AlgemeenNieuws

‘Te weinig oog voor gevolgen natuurbeleid’

Den Haag – Beleidsmakers in Nederland hebben te weinig oog gehad voor de gevolgen van de Europese regelgeving op het Nederlandse natuurbeleid. Dat staat in een rapport van de Raad voor de Leefomgeving en de Infrastructuur (RLI) dat maandag is aangeboden aan minister Melanie Schulz van Haegen (Infrastructuur en Milieu).

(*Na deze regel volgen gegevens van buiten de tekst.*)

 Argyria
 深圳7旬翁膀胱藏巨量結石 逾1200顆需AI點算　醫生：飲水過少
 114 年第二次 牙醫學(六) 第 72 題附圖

De Habitatrichtlijn werd in 1992 vastgesteld. Nederland verwachtte weinig problemen te hebben met de invoering daarvan, omdat de Europese regels waren gebaseerd op het Nederlands beleid.

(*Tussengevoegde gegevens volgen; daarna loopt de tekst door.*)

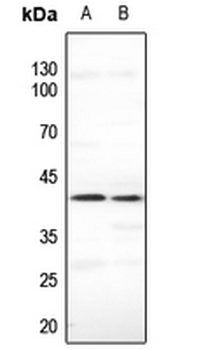 Anti-CDKL1 Antibody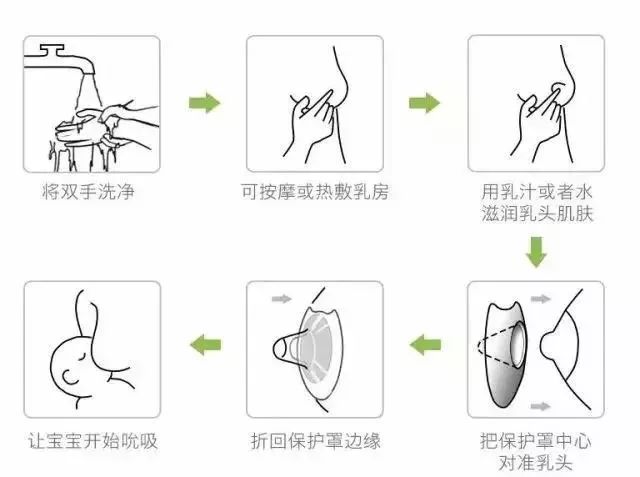 扁平凹陷乳头还能好好哺乳吗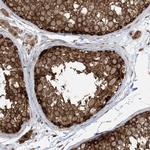 ABCF3 Antibody in Immunohistochemistry (Paraffin) (IHC (P))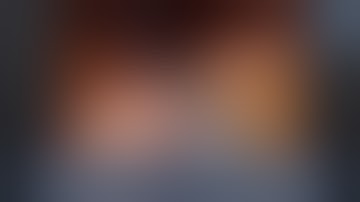 The New Robotic SF 60 Stapling Device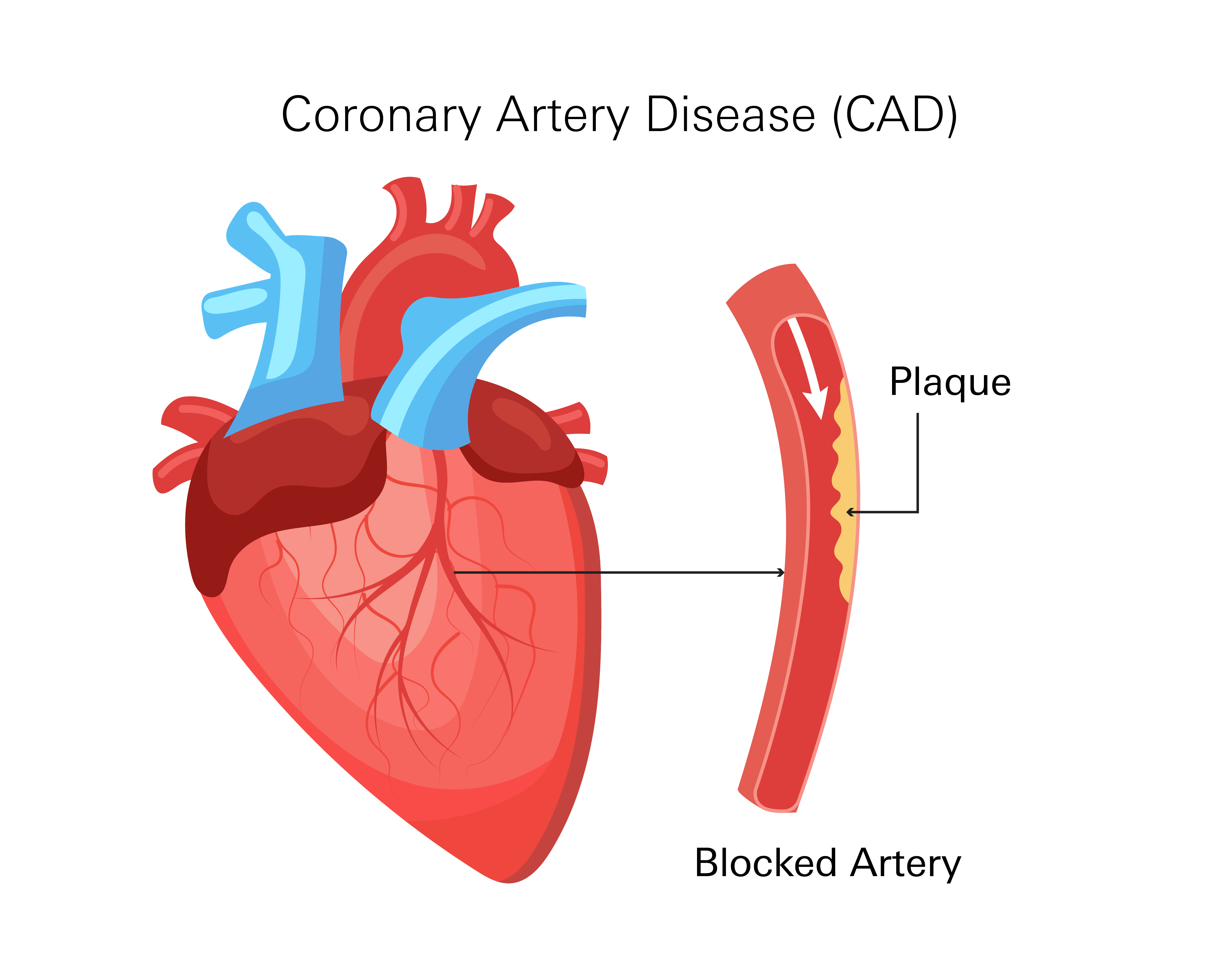 Coronary Artery Disease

Niet alleen Nederlands probleem

Overigens is het probleem niet alleen Nederlands. De RLI constateert dat er weinig lidstaten zijn die niet in aanraking zijn geweest met de Europese rechters, omdat ze zich niet of onvoldoende de Europese Vogel- en Habiatrichtlijn in nationale regels omzetten.

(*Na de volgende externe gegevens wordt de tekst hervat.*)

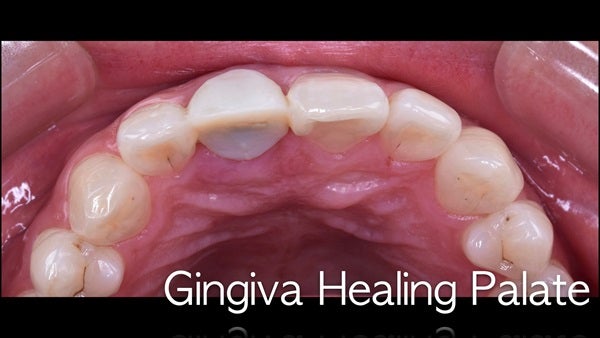 The   One-Time   Socket   Abutment Just    For   Incisor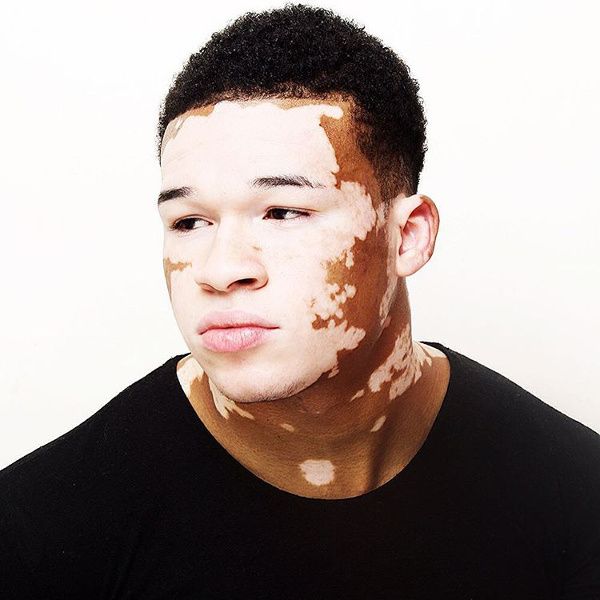 Albinism (Birthmarks and Other Skin Pigmentation Problems)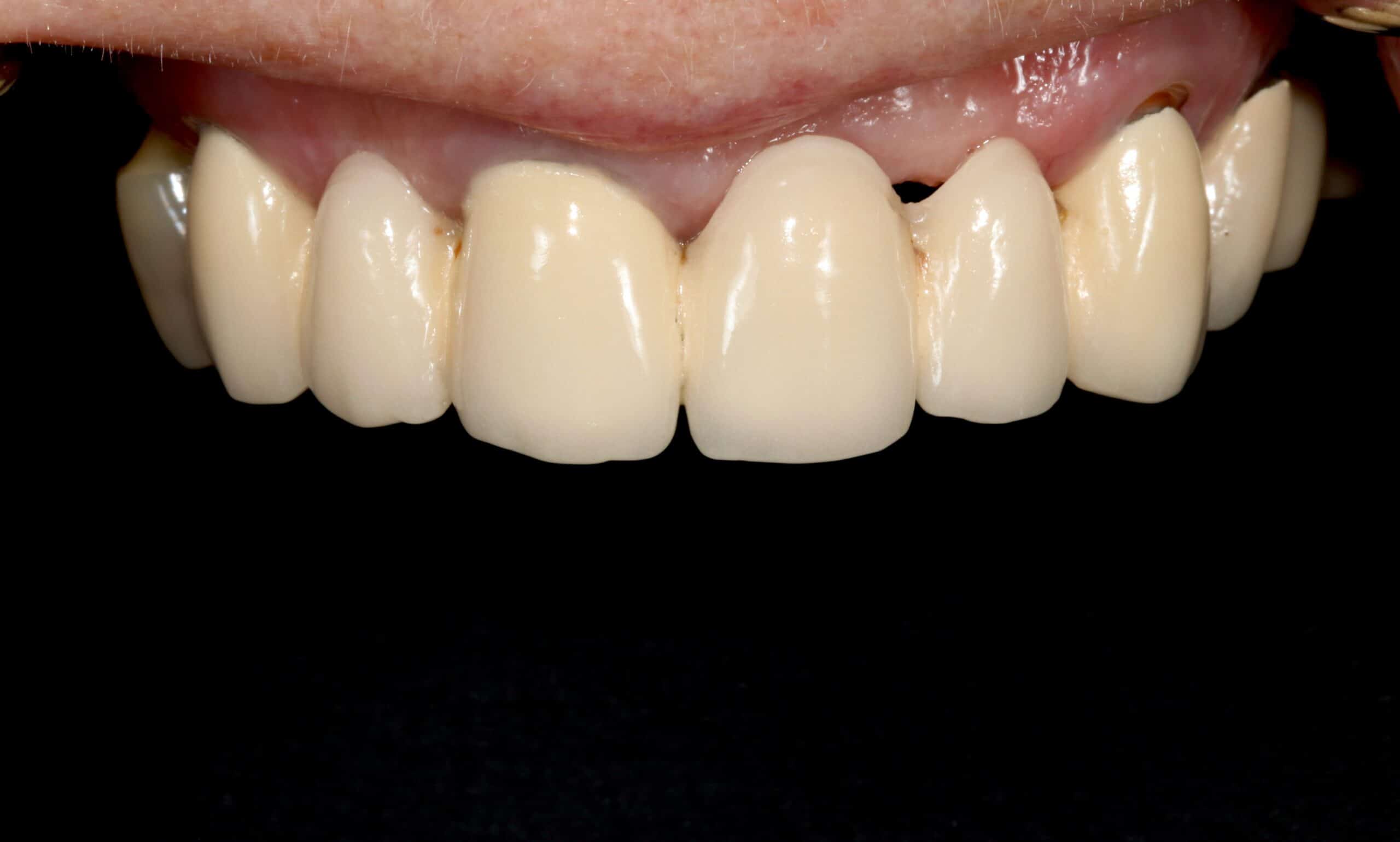 A close-up photo of a patient’s worn teeth and gums before receiving porcelain crowns at Signature Dentistry of Denver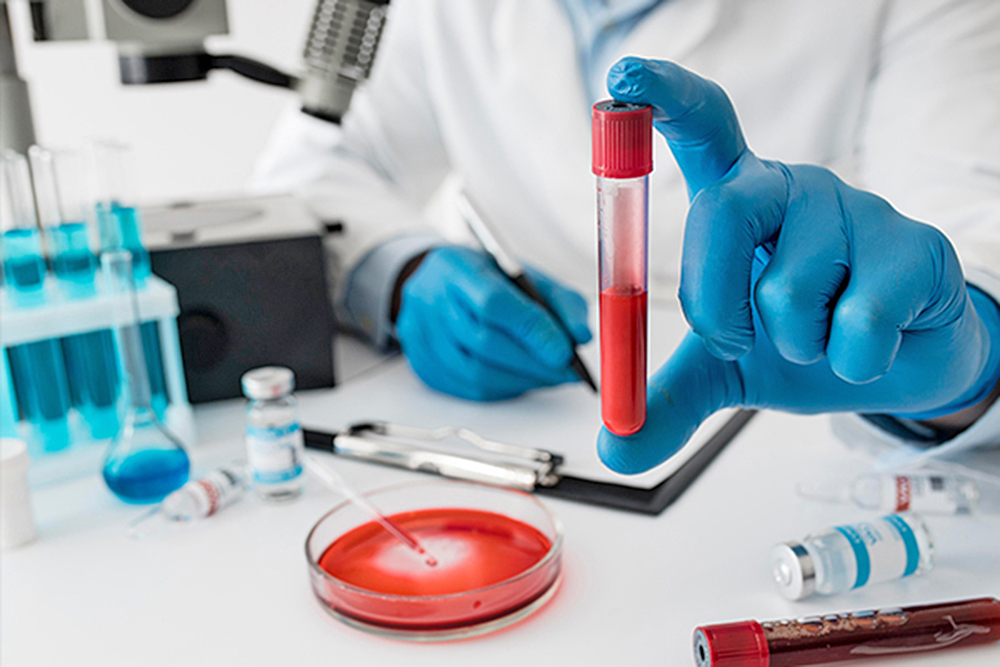 Identificación y tratamiento oportuno: pilar para tratar hemofilia adquirida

Verkeken op gevolgen Vogel- en Habitatrichtlijn

Nederland heeft zich verkeken op de verstrekkende gevolgen van de Vogel- en Habitatrichtlijn, aldus de RLI. Nederland dacht dat de aanwijzing van de Natura 2000-gebieden een logisch vervolg was op de aanwijzing van de ecologische hoofdstructuur, terwijl de Europese regels voor de bescherming van natuur veel strenger waren. “Daarmee heeft het (…) beeld van Nederland als succesvolle koploper in het Europese natuurbeleid een behoorlijke deuk opgelopen”, schrijft de raad.

Beeld ontkracht

Volgens de raad is het beeld dat  de aanwijzing van Natura 2000-gebieden Nederland op slot zou zetten ontkracht, maar blijft het wel rondzingen. “Het zijn vooral de organisaties  die ondernemers in het landelijk gebied vertegenwoordingen (…) die dit beeld handhaven.”

De raad haalt daarbij een brief van Jose Manuel Barroso aan, toenmalig voorzitter van de Europese Commissie, die zei dat economische ontwikkeling mogelijk was, mits aan voorwaarden was voldaan, terwijl de juridische uitleg in Nederland was dat ontwikkeling niet mogelijk was, tenzij aan voorwaarden was voldaan.